Chissà cosa si saranno detti, in quell’Agenzia delle entrate di Romano di Lombardia, Luigi Martinelli, il sequestratore, e Carmine Mormandi, il sequestrato, in quelle poche, maledette ore. Hanno la stessa età, sui cinquant’anni, uomini fatti, percorsi diversi eppure complementari: l’uno, piccolo imprenditore con un’azienda di pulizie, l’altro un impiegato, che raccoglieva le tasse. Due pilastri di quella piccola comunità, l’uno a dare lavoro, a produrre profitti, a pagare il dovuto; l’altro, a esigere tributi da devolvere poi in servizi: dovrebbero funzionare così le cose. Hanno funzionato così, è questa la ricchezza sociale di quelle zone. C’è chi – la Lega – ci ha costruito le proprie fortune politiche su questo, rivendicandolo, propugnando la secessione. E c’è – sempre la Lega – chi ha minacciato l’Italia intera, parlando di «trecentomila fucili bergamaschi» pronti a saltare fuori e battersi per la Padania. Ecco, uno è saltato fuori adesso. Ma non si batte per la Padania. Non sa nemmeno bene più se c’è ancora qualcosa per cui valga la pena battersi.

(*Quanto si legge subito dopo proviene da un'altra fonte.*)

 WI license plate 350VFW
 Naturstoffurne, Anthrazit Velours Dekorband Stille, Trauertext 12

Ha sparato in aria, per fortuna, il fucile padano di Luigi Martinelli. Ma è stato Carmine Mormandi a sprovarlo: quando lo ha visto entrare armato fino ai denti in Agenzia e ordinare a tutti di stare fermi, lui, che lo conosce da una vita e non poteva crederci di trovarselo lì in quelle condizioni, fuori di senno, gli ha detto: «E se non mi siedo, che fai, mi spari?» E quello ha sparato. In aria, per fortuna.

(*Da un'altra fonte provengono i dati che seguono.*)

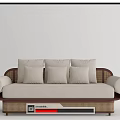 Quiet multi-person sofa rattan multi-person sofa double sofa three-person sofa 3d model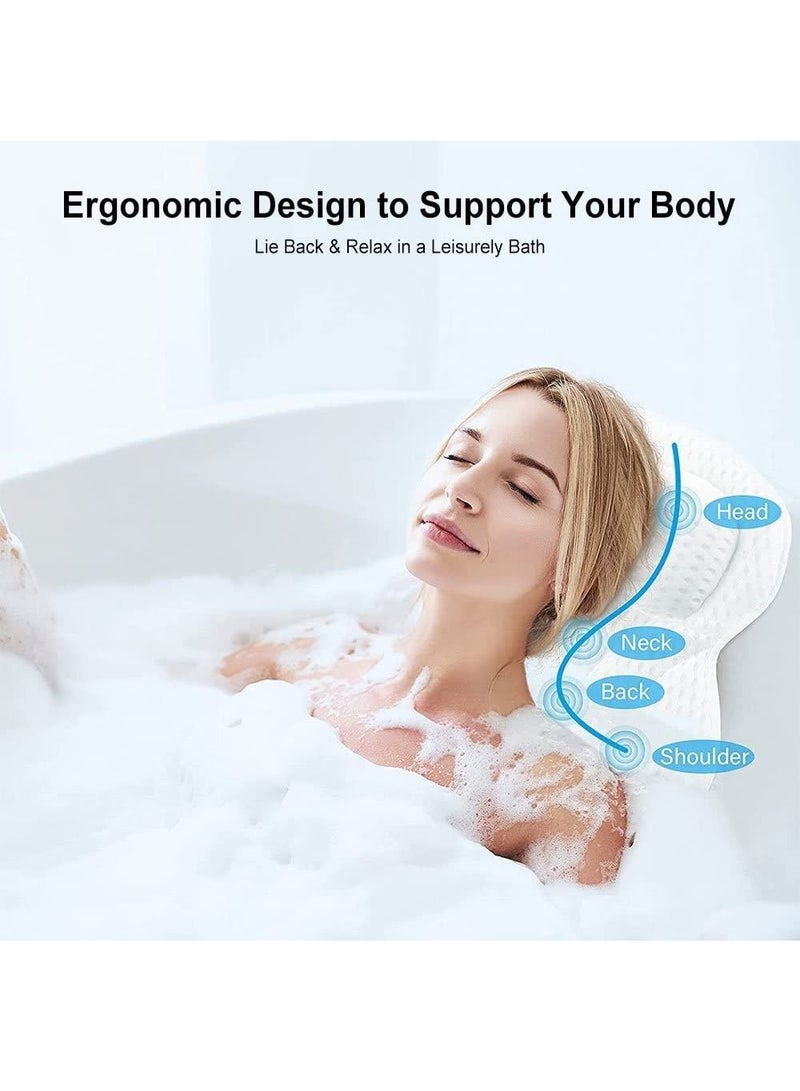 Bath Pillow, 4D Air Mesh Spa Bathtub Cushion with Head, Neck, Shoulder, Back Support, 6 Non-Slip Strong Suction Cups and Extra Thick, Fits Most Tub, Hot Jacuzzi - Image 4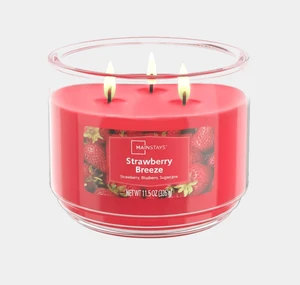 Mainstays 3-Wick Scented Glass Jar Candle, Strawberry Breeze, 11.5oz Mainstays 3-Wick Scented Glass Jar Candle, Strawberry Breeze, 11.5oz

Si conoscono da una vita, Luigi e Carmine, l’uno a entrare in Agenzia a pagare le cartelle esattoriali, a chiedere una qualche deroga, una qualche rateizzazione, l’altro a stare in Agenzia a incassare, a vedere dove si poteva rallentare, dove no. Dovrebbero funzionare così le cose. Hanno funzionato così, in quella zona. Fino a che. Fino a che la crisi ha squarciato tutto, spingendoci a non riconoscerci più l’uno con l’altro, a non riconoscere più noi stessi. C’è chi si chiude in automobile e lascia andare il gas di scarico, chi si attorciglia una corda intorno al collo, chi si versa benzina addosso e si dà fuoco. Quel cretino di Monti ha detto che noi non siamo come la Grecia, che lì i suicidi sono 1715 e i nostri solo trecento. Scusateci, amici greci, scusateci. Perdonateci di avere un capo del governo cretino e volgare. Un becchino che fa la conta dei morti per vedere se stiamo messi meglio o peggio d’altri. Chissà che dirà ora Monti. Ci voleva parlare Martinelli. E forse è stato un bene che non ci sia riuscito. Chissà come sarebbe finita. Forse avrebbe sparato davvero, contro Mormandi o contro se stesso. O prima l’una cosa e poi l’altra. Perché tanto, quello che è successo è proprio l’altra faccia dei suicidi che continuano come “morti sul lavoro”.
Dice Michele Lamera, il sindaco di Romano di Lombardia, che la situazione lì «è critica come in tutto il paese, ma non mi aspettavo un gesto del genere». Già, e chi se lo aspettava. Certo, non Carmine Mormandi, da trent’anni ligio impiegato dell’Agenzia delle entrate. Certo, non Tetyana, la sua compagna, a cui Carmine ha potuto telefonare pochi secondi – «Dai, Luigi, fammi chiamare, ti prego», gli avrà detto, e Luigi, che è separato ma non ha una compagna, ha capito –, e probabilmente neppure Martinelli, se lo aspettava.
Già, chissà cosa ci aspetta domani. Quanti altri pomeriggi di follia, mentre tutt’intorno si spianano i fucili delle teste di cuoio, a tirarci giù come cani pazzi.